German politician (born 1950)

Helmut Brandt (born 24 October 1950) is a German politician, member of the CDU, and Legal Counsel (Justiziar) for the CDU/CSU Parliamentary Group. He has been a member of the Bundestag since 28 June 2005, when he replaced Karl-Josef Laumann, who had been appointed a minister in North Rhine-Westphalia. Brandt, a lawyer by training specialising in criminal law, was mayor of Alsdorf in North Rhine-Westphalia from 1994 to 1999, having been a councillor there since 1978.

== Life and work ==
After completing his Abitur in Herzogenrath, Brandt undertook his mandatory national service before earning a degree in law from the University of Bonn. In Bonn, he became a member of the K.D.St.V. Novesia Bonn, a Catholic fraternity. After completing a training period, he passed the second and final exam to become a lawyer and has, since that time, been active as a lawyer in Alsdorf, practicing criminal law.

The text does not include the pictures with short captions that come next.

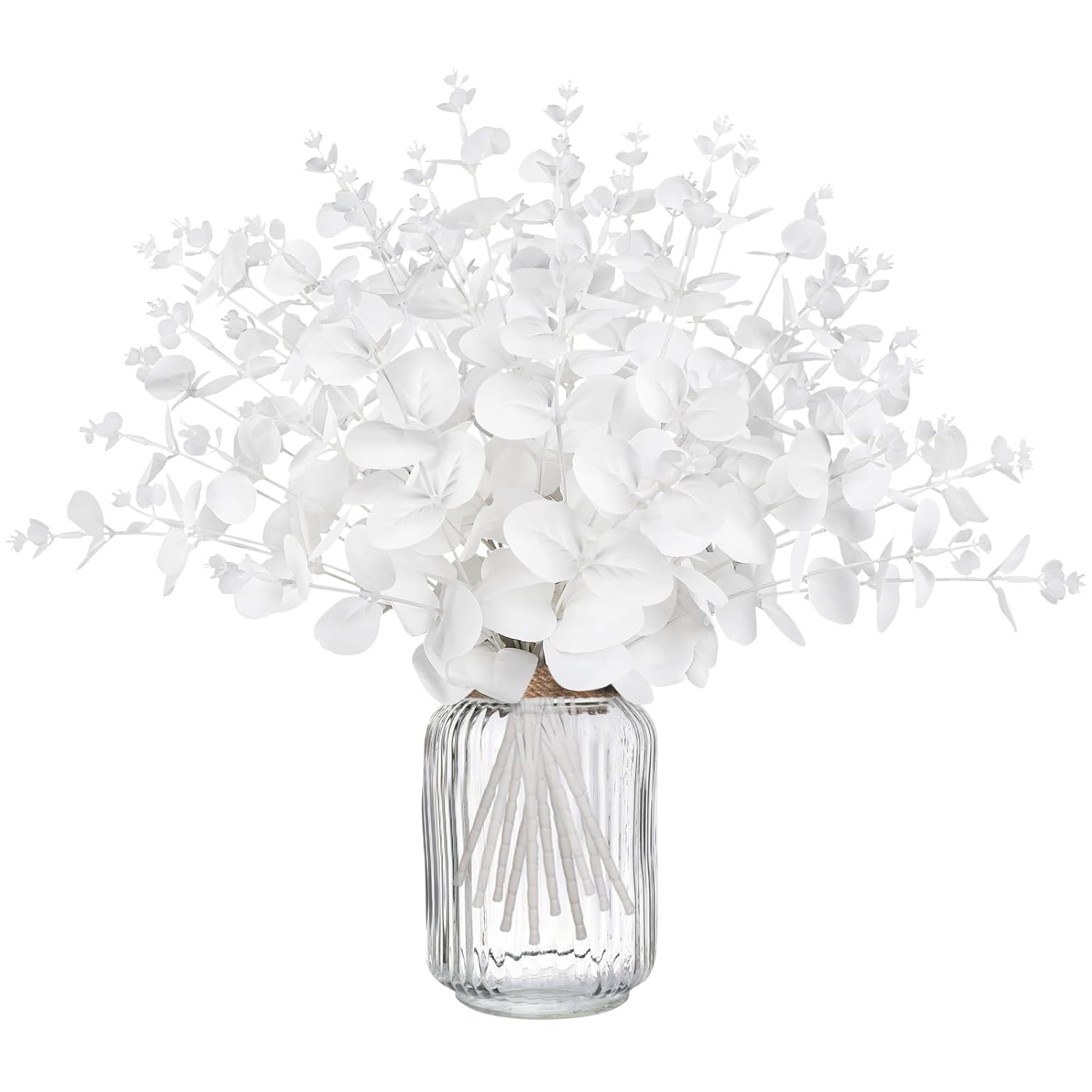 14Pcs White Eucalyptus Artificial Faux Flowers For Decoration - Fake Silk Stems In Vase Christmas Holiday Winter Wedding Home Decor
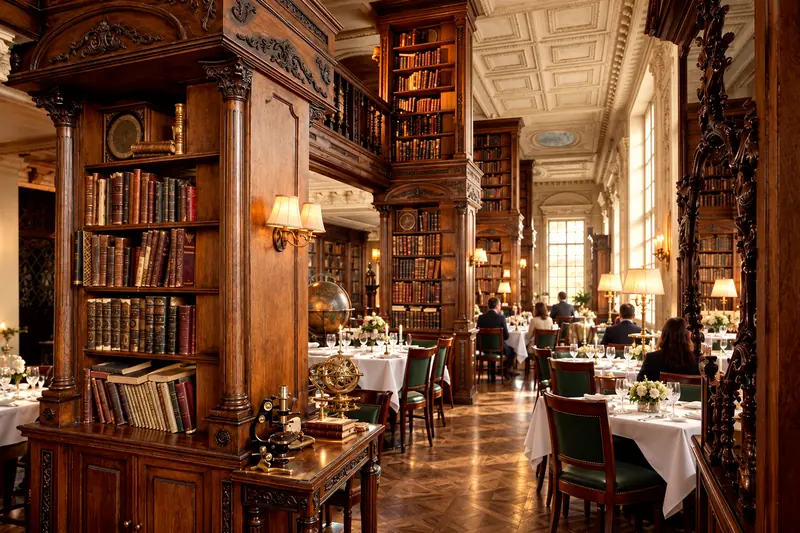 Phòng Thư viện của Café Pushkin với giá sách gỗ và bàn trải khăn trắng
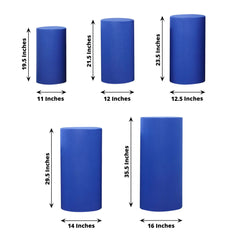 Set of 5 Royal Blue Spandex Cylinder Pedestal Stand Covers, Stretchable Pillar Prop Covers - 160 GSM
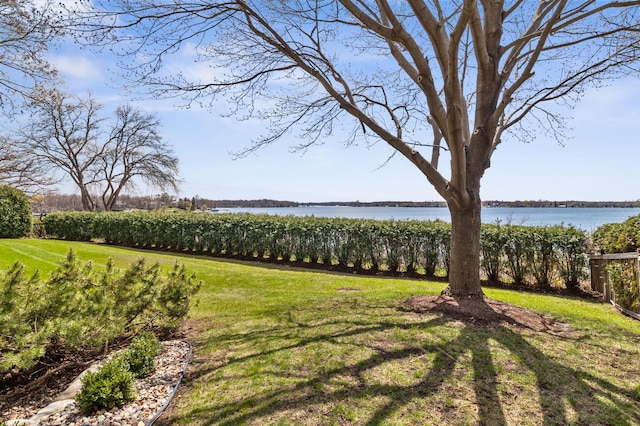 view of yard with a water view and fence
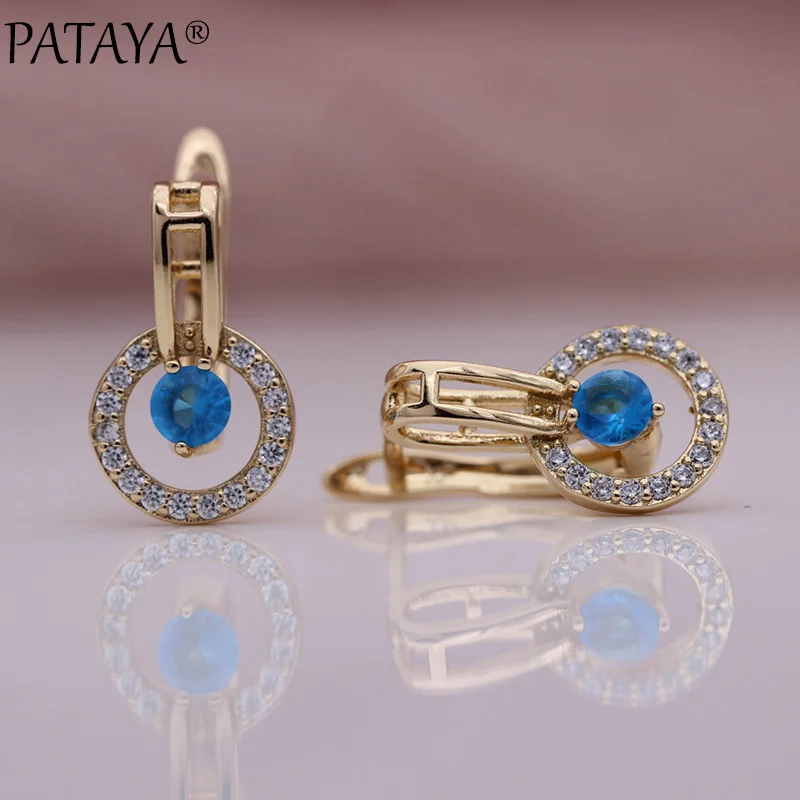 PATAYA New Sea Blue Round Natural Zircon Dangle Earrings Women Hollow Unique Earring 585 Rose Gold Color Fine Fashion Jewelry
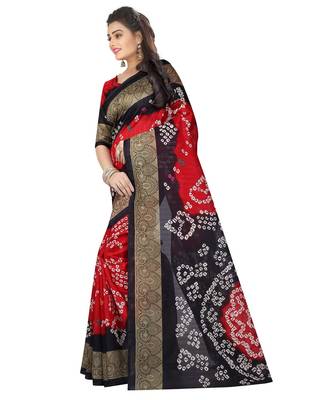 Red printed art silk saree with blouse 2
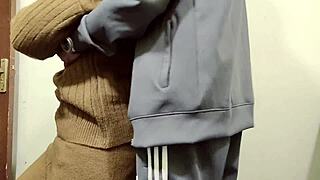 Eager Housewife Strips Shirt Trousers for Boyfriend's Desire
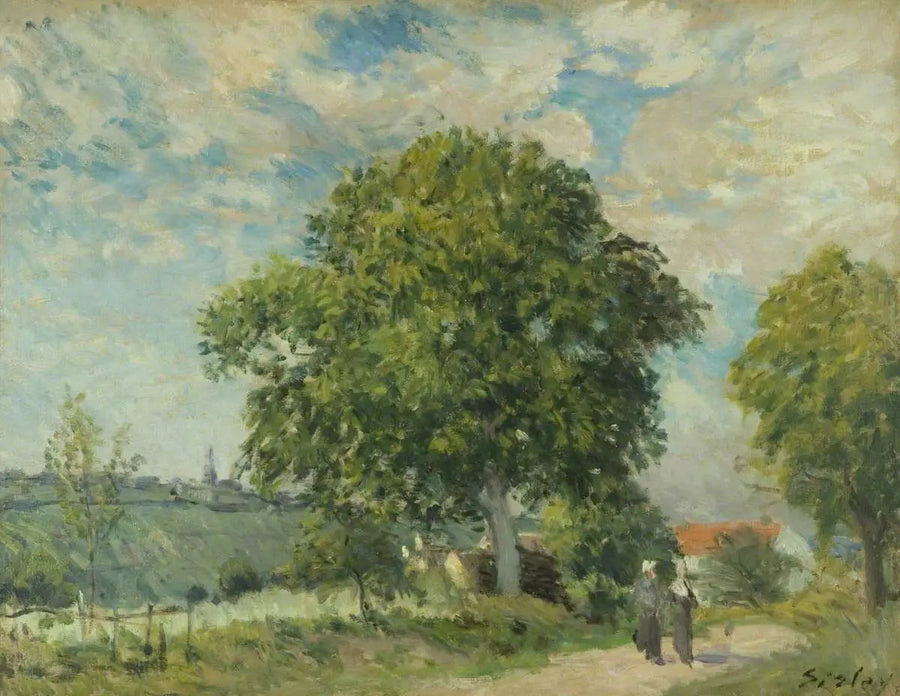 Kylän sisäänkäynti - Alfred Sisley
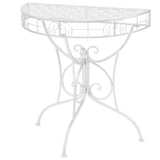 NNEVL Side Table Vintage Style Half Round Metal 72x36x74 cm Silver
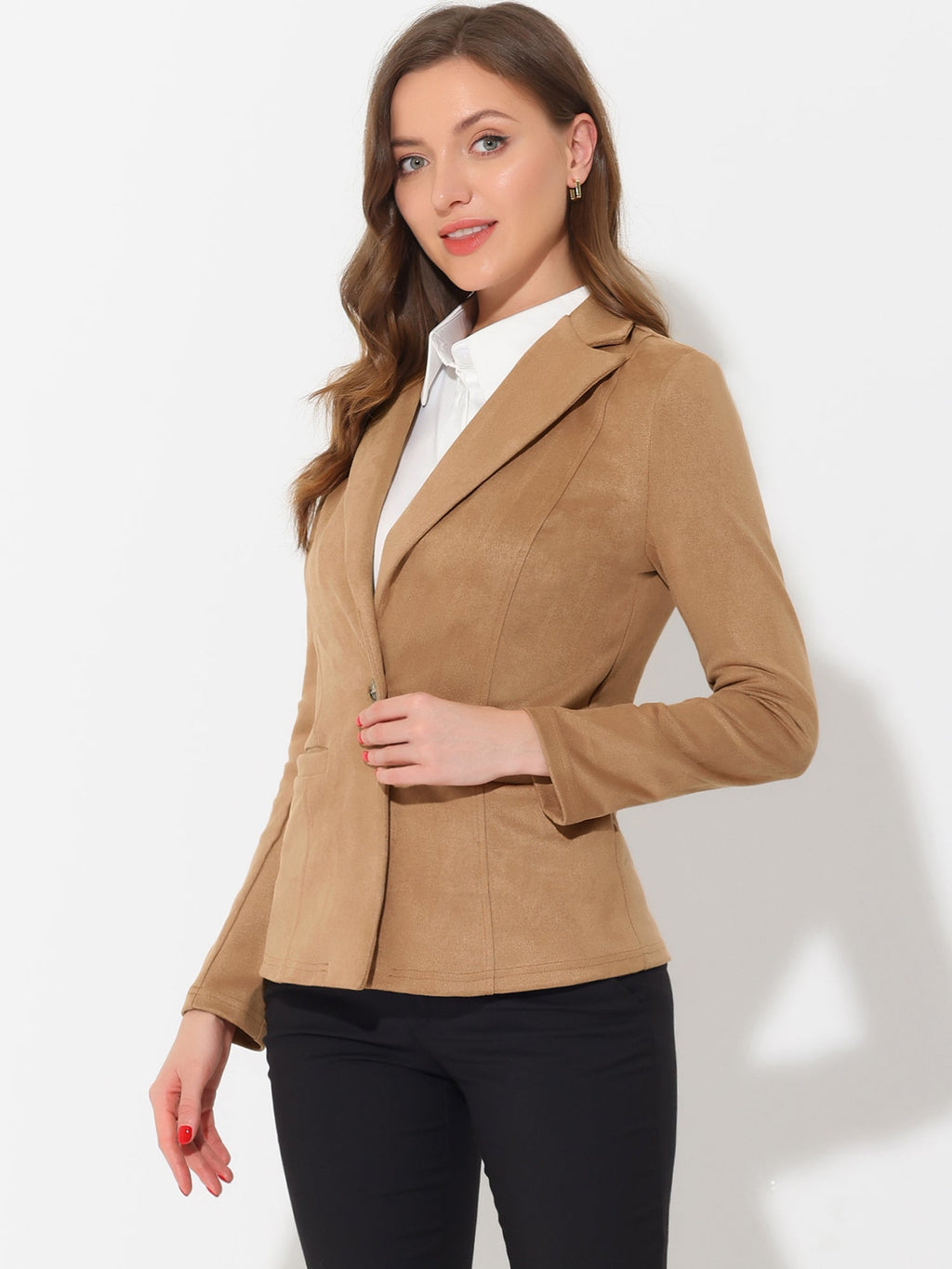 Stretch Solid Faux Suede Blazer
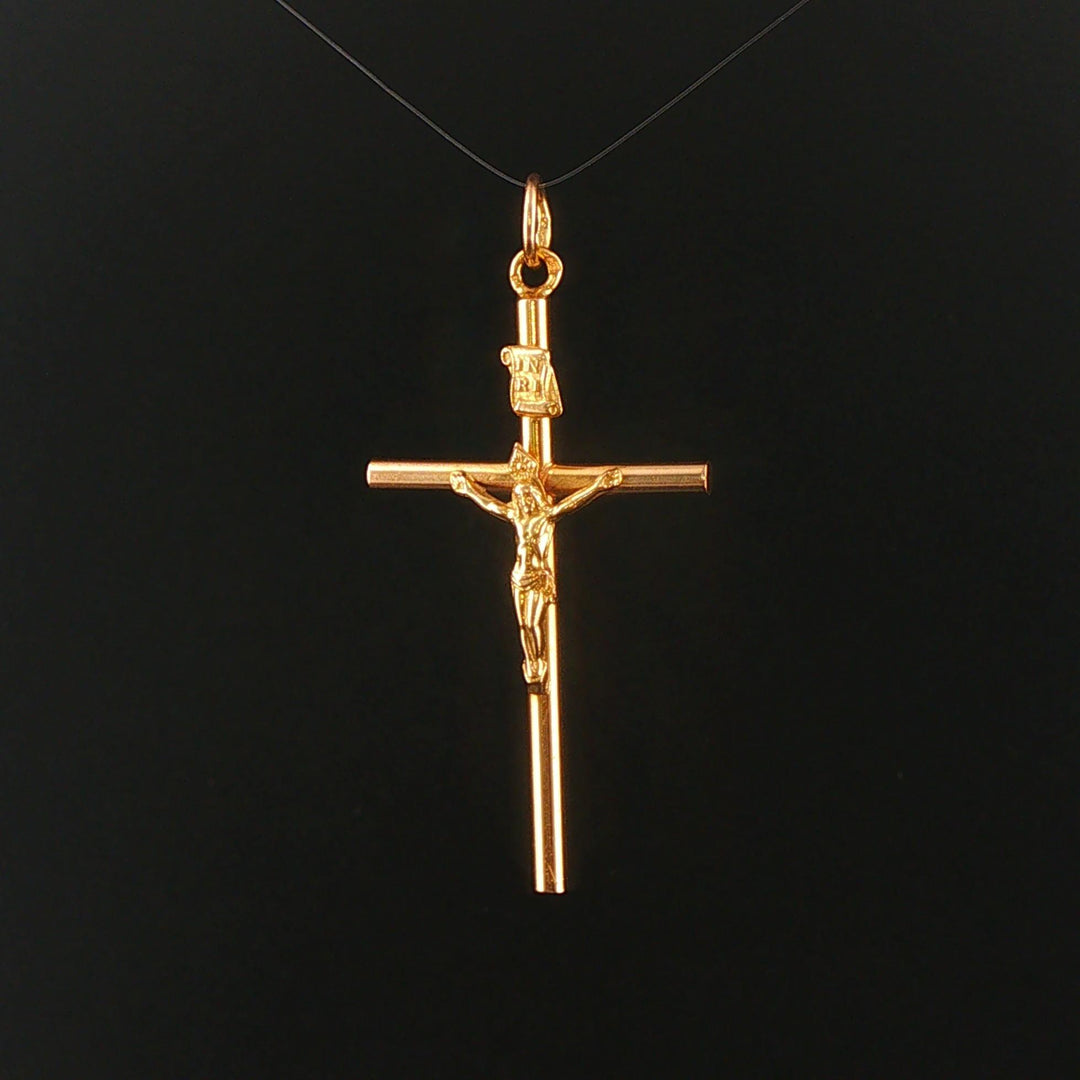 19k Portuguese Yellow Gold 5.8g Vintage Cross Crucifix Pendant 2"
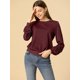 thumbnail image 3 of Allegra K Suéter Tipo Jersey Acanalado Con Mangas De Farol Clásico Para Mujer Vino rojo L, 3 of 6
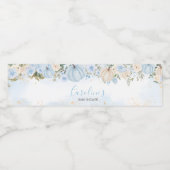 Blauw Bloemen Groen Kleine Pompoen Baby shower Waterfles Etiket (Enkel label)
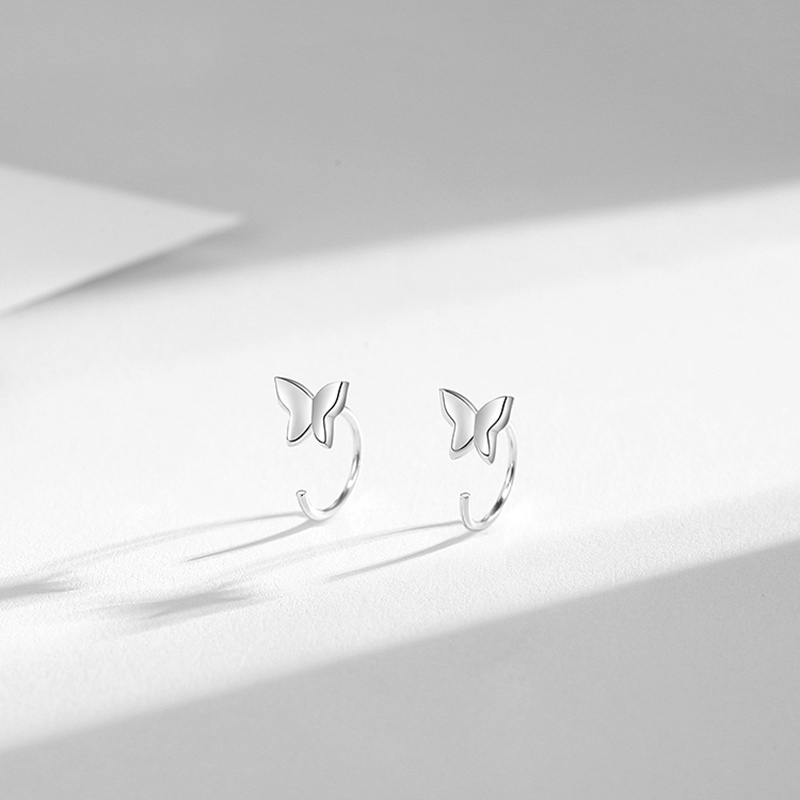 Anting Sweet Silver Plating Glossy Butterfly Earrings Women Korean Simple Ear Stud Clip Jewelry Accessories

Helmut Brandt is married and has two children.

== Party ==
Brandt has belonged to the CDU since 1969 and is currently the Deputy Chairman of the CDU district association Aachen.

== Public office ==
Helmut Brandt belonged to the city council of Alsdorf from 1978 to 1994, where he was the local chairperson of the CDU until 1994. Helmut Brandt was mayor of Alsdorf from 1994 until 1999. Since 1999, he has been a member of the district council in the area surrounding Aachen. On 28 June 2005 Brandt took over Karl-Josepf Laumann's place in the German Parliament. He is a member of the Home Affairs Committee in the German Parliament, which deals with immigration, national security, and public service. After the federal elections of 2005, Helmut Brandt entered Parliament through the North Rhine-Westphalia party lists. In the 2009 federal elections, he won a seat for the Aachen II constituency (which includes the communities around Aachen, but not the city itself) with 40.2 percent of the primary vote. In the 2013 federal elections, Helmut Brandt defended his seat with 45.6 percent of the primary vote.